Investing in Canadian stocks to fend off Trump’s tariffs is the suggestion of Pierre Poilievre, leader of the Conservative Party. He called out Tax-Free Savings Account (TFSA) users. The move will enable Canadian companies to spend on factories, equipment, tools, and wages.
Tariffs and potential new ones are why the TSX has continued to spike and dip in recent days. However, some individual stocks have shown strength against the negative market sentiment.
Canadians can invest their TFSA dollars in Algonquin Power & Utilities (TSX:AQN), Peyto Exploration & Development Corporation (TSX:PEY), or Chartwell Retirement Residences (TSX:CSH.UN). Despite the elevated volatility, these dividend stocks have market-beating returns and pay monthly dividends.
Pure-play utility
The utilities sector (+3.28%) is the second top-performing sector thus far, while Algonquin is its high-flyer. At only $7.42 per share, current investors enjoy a +16.3% year-to-date gain on top of the lucrative 5.7% dividend yield. Your $7,000 TFSA contribution limit in 2025 would generate $373.10 annually, or $31.09 monthly.
The $5.68 billion renewable energy and regulated utility company. Management’s self-imposed responsibility is to bring clean water and energy to people. Growth, operational excellence, and sustainability are Algonquin’s three strategic pillars. Its diversified portfolio includes rate-regulated electric, natural gas, water, and wastewater collection utility systems and transmission operations.
Chris Huskilson, outgoing chief executive officer (CEO) of Algonquin, said, “The company continued to make strides in its transition to a pure-play utility. Over the last 90 days, we successfully completed our Renewables and Atlantica sales.” He added that Algonquin has a recapitalized balance sheet and significant opportunity for improvement to start 2025.
In 2024, net earnings attributable to shareholders from continuing operations reached US$65.3 million compared to the $14.4 million net loss in 2023. However, in the fourth quarter (Q4) of 2024, the net loss was US$189.1 million due to the repositioning for a pure-play regulated utility strategy.
Generous mid-cap stock
Peyto, a mid-cap energy stock, is a “cash gusher.” At $18.10 per share, the dividend offer is 7.26%. Furthermore, PEY (+7.06%) outperforms the broad market (+0.13%) and the energy sector (+1.58%) year to date.
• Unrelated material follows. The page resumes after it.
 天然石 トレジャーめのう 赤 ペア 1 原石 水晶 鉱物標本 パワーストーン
This $3.6 billion company operates in the Alberta Deep Basin, where it explores and develops liquids-rich natural gas resources.
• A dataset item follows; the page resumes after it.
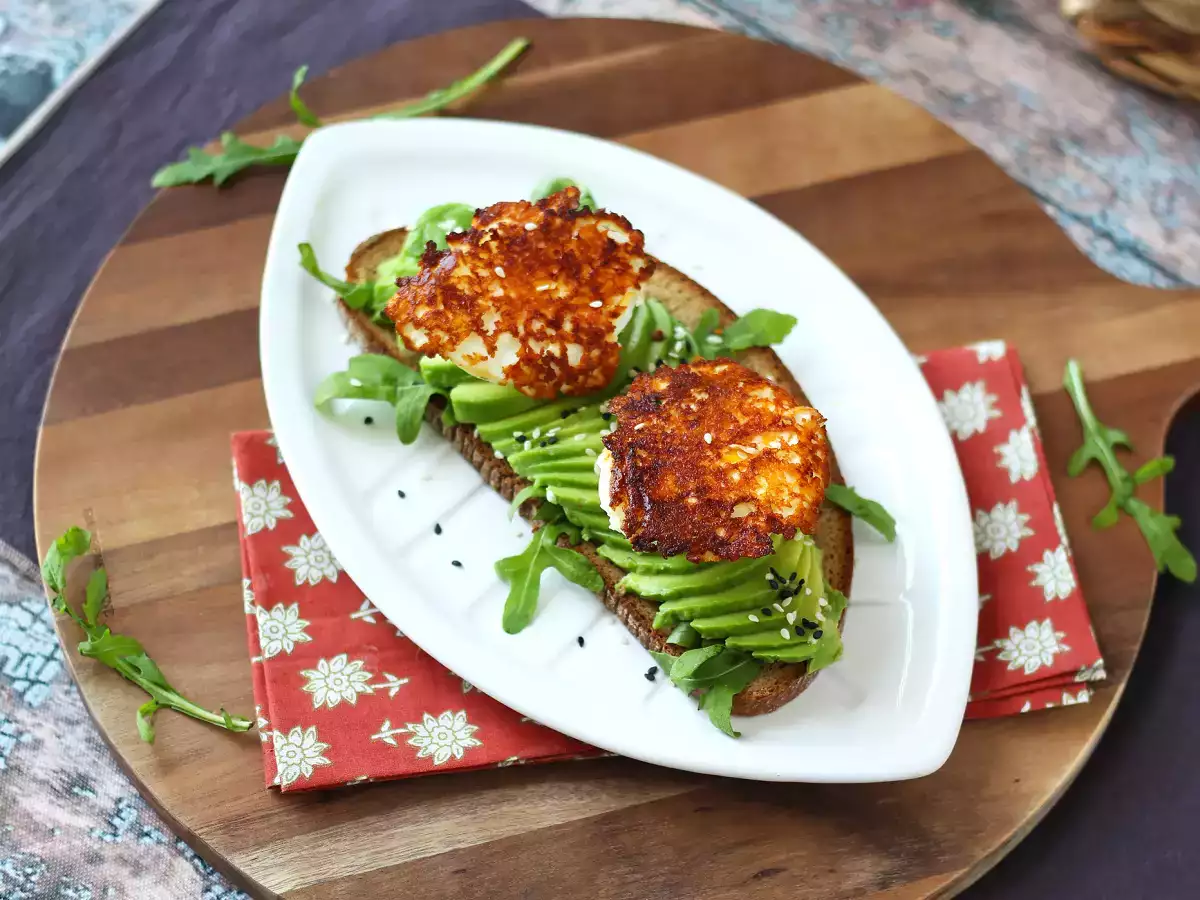 फेटा के कुरकुरे अंडे ( crispy feta eggs ) : बेहद सरल ट्रेंडिंग रेसिपी - फोटो 4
In 2024, Peyto paid a record $258.4 million of dividends to shareholders, representing approximately 92% of earnings. According to management, last year was one of Peyto’s most successful operations in 26 years as natural gas prices sunk to multi-year lows and storage inventories remained high. The hedging and diversification program also protects future revenues for the sustainability dividends.
Transition period
Chartwell, in the real estate sector, provides seniors’ housing in Canada. The $4.57 billion real estate investment trust (REIT) owns and operates senior housing communities, from independent living to assisted living and long-term care (LTC).
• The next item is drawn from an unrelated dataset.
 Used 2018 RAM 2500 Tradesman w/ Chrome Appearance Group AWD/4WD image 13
Vlad Volodarski, CEO of Chartwell, said that besides the outstanding results in all business areas in 2024, there’s great progress in the transition to a more agile and scalable operating platform. In Q4 2024, net income reached $3.5 million versus the $13.2 million net loss in Q4 2023 on a 90.1% weighted average same property occupancy. At $16.71 per share, TFSA investors can partake in the 3.68% dividend. The REIT hasn’t missed a monthly dividend payment since 2004.
Sensible suggestion
Investing in Canadian companies and topping TFSAs is a sensible suggestion. It could indeed bring billions of dollars and result in a self-reliant economy not lacking in investments.